━━━ Records shown

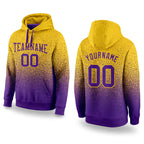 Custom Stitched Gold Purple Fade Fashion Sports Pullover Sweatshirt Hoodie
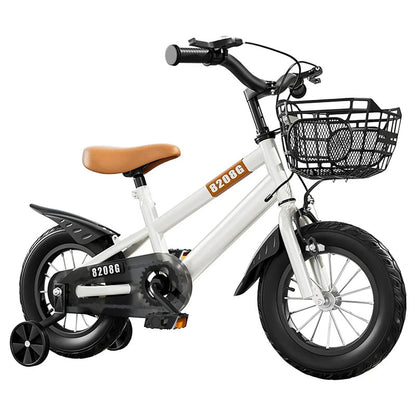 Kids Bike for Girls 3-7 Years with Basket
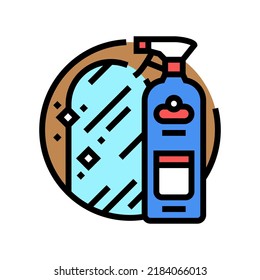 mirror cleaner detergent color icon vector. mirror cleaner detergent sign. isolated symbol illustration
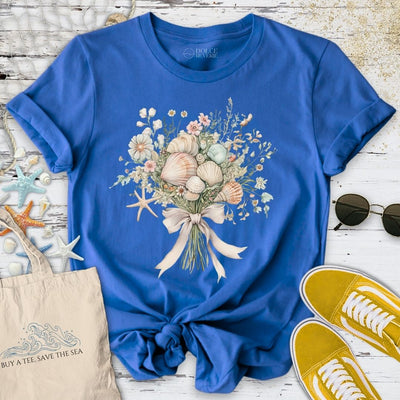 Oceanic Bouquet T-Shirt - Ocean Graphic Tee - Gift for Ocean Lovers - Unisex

━━━━━━
━━━ Records shown

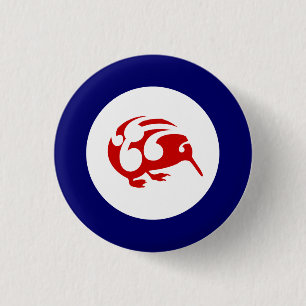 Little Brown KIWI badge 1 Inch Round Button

━━━━━━

What the task requires:
In the records above, find the line containing "Custom Stitched Gold" and the line containing "Oceanic Bouquet T-Shirt", then give both of them again word for word along with every line between. Omit any pictures.

Problem solution:
 Custom Stitched Gold Purple Fade Fashion Sports Pullover Sweatshirt Hoodie
 Kids Bike for Girls 3-7 Years with Basket
 mirror cleaner detergent color icon vector. mirror cleaner detergent sign. isolated symbol illustration
 Oceanic Bouquet T-Shirt - Ocean Graphic Tee - Gift for Ocean Lovers - Unisex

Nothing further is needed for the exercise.